"I think people who create and write, it actually does flow - just flows from into their head, into their hand, and they write it down. It's simple." --Paul McCartney
I tried an experiment this weekend. I have two very different stories I've been working on; both have been in the plotting stages for quite some time. I don't want to work on the sequel to Skyborne until I actually sell that one, so that left me trying to figure out which story to work on next.
One, whose title abbreviates to OOTA, is this weird sort of urban science fantasy that starts with what seems to be an alien invasion but turns out to be a great deal more. The other, which has no suitable title but gets abbreviated as GB, can best be described as 'godpunk', a word I'm not sure even exists.
So I decided the best way to figure out what to write next was to write the first chapter of each book. This took some time to start. Starting a new book is intimidating enough on its own. Trying to start two of them at once? Yeah. Much worse. And I'm not quite sure yet how to define the results.
Starting OOTA was difficult and shaky, as I had to describe a city I haven't been to since 2001, and had to deal with a character who's been through several incarnations, this one different in some significant ways. And of course, I didn't realize until today that the reason it was so difficult was that I'd failed to put on the music I'd already determined would be this book's main CD. (Yes, I have music specifically for different books. The entirety of Skyborne's final section was written to U2's "The Joshua Tree" double CD set.) Editing it to that CD helped smooth out some of the rough patches, and I think I'm close to finding the right voice.
Starting GB, though. . . . It's been a long time since I wrote and felt like a story was fighting its way out of my head and onto the page. Things I hadn't defined in the plot just happened as I wrote, and it all made perfect sense.
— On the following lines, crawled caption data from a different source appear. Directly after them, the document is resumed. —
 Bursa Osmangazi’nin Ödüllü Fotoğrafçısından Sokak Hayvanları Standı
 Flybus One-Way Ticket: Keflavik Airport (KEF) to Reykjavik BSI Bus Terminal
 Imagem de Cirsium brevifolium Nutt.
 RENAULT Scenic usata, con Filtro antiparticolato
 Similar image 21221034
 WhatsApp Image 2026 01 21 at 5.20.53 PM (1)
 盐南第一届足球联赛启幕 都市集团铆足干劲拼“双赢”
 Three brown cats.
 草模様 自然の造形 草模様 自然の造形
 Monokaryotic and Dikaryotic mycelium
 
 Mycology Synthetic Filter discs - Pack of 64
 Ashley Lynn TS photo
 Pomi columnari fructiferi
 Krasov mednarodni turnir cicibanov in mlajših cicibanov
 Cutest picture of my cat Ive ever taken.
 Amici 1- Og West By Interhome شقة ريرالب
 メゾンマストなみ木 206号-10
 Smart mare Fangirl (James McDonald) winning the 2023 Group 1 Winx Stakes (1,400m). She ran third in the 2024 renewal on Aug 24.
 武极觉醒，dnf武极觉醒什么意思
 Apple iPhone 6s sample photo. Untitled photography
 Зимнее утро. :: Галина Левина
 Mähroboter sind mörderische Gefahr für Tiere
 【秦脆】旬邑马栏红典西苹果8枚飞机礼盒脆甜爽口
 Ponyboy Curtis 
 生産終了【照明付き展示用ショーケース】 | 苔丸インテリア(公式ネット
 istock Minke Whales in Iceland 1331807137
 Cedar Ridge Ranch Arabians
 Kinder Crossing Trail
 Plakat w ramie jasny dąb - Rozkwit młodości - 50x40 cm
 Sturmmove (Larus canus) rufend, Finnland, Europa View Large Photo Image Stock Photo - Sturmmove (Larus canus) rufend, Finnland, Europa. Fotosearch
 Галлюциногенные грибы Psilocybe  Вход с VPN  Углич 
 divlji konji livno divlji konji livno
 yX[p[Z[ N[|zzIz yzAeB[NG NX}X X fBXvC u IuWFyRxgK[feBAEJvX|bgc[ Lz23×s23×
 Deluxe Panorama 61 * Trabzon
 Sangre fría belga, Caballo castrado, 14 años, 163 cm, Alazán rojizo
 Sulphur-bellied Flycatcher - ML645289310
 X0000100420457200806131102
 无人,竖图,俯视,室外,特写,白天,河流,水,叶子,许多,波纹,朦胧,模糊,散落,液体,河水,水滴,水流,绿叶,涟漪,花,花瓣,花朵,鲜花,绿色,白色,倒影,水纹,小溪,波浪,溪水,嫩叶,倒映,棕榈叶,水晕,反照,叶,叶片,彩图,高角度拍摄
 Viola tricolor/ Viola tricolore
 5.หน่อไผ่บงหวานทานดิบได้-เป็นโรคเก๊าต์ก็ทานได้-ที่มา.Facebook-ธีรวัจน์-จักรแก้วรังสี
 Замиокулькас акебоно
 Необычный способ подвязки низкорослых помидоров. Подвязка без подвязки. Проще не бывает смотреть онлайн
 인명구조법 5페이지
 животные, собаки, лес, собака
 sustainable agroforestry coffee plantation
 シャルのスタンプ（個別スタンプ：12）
I spent the entire writing session feeling like I was trying to keep up with the story, and by the time I was done, I was sweaty and exhausted. (Though I blame the sweat on the fact that I live in a desert and it's 80 degrees at night nowadays.) I haven't edited it yet partly because I don't want to see if I was wrong about it, and partly because I'm not sure if I want to see if I was right.
The thing is, I'm hesitant to get started on GB because it's plotted as the first part of a trilogy, while OOTA is stand-alone but intended to be part of a much longer series. If I wrote the first part of GB, I know I'd want to write the rest. And as a good friend of mine once told me, you know you want to write the story that makes it seem like the Muse has you by the short and curlies. (This hits closer to home than I care to explain.) I know that's how it is with GB. But at the same time, damn, now that I've started on OOTA, I really want to work on it as well.
I'm sure I'll figure this out eventually, just had to get this out because I'm not the only one who's had this issue, and I can always use the advice.
I'd flip a coin, but I have this unfortunate tendency to catch flipped coins on their edge.